═════ Source data
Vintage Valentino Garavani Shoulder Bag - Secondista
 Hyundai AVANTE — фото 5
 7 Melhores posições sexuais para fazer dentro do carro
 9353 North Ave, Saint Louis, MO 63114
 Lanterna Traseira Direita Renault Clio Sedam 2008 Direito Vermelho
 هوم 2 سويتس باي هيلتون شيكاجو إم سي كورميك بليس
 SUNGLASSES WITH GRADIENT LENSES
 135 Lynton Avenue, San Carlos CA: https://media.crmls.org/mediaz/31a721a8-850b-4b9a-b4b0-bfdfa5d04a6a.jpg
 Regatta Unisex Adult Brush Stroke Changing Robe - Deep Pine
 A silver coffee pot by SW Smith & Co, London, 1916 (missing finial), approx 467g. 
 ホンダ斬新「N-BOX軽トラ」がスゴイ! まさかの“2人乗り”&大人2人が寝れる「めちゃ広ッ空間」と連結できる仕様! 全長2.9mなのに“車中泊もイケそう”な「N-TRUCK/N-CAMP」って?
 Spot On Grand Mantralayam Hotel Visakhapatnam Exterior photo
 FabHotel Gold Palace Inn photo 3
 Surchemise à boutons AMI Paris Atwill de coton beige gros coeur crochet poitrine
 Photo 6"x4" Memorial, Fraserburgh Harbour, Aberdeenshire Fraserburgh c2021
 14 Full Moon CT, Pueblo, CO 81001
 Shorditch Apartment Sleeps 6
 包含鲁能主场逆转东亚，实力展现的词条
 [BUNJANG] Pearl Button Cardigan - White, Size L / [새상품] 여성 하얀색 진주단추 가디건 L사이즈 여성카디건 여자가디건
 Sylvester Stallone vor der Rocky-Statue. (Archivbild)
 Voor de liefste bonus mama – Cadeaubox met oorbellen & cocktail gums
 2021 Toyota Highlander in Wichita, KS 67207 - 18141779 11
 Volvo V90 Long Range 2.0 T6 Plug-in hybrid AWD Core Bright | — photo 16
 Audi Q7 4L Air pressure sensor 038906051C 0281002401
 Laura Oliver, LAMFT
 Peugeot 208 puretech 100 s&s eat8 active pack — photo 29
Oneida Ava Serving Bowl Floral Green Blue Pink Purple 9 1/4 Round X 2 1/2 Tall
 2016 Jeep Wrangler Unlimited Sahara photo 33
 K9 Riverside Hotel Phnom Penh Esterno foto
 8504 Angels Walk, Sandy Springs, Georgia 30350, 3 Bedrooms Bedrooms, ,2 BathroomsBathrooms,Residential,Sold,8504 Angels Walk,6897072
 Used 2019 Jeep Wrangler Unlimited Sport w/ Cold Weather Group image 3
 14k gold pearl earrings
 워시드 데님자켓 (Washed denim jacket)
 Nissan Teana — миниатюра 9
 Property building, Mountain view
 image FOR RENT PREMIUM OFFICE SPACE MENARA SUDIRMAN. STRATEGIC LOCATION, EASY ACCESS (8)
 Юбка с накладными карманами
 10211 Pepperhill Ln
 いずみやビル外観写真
══════════
Your goal
Scan the data above and report each line in which "Wrangler" is present.

Solution to the exercise
 2016 Jeep Wrangler Unlimited Sahara photo 33
 Used 2019 Jeep Wrangler Unlimited Sport w/ Cold Weather Group image 3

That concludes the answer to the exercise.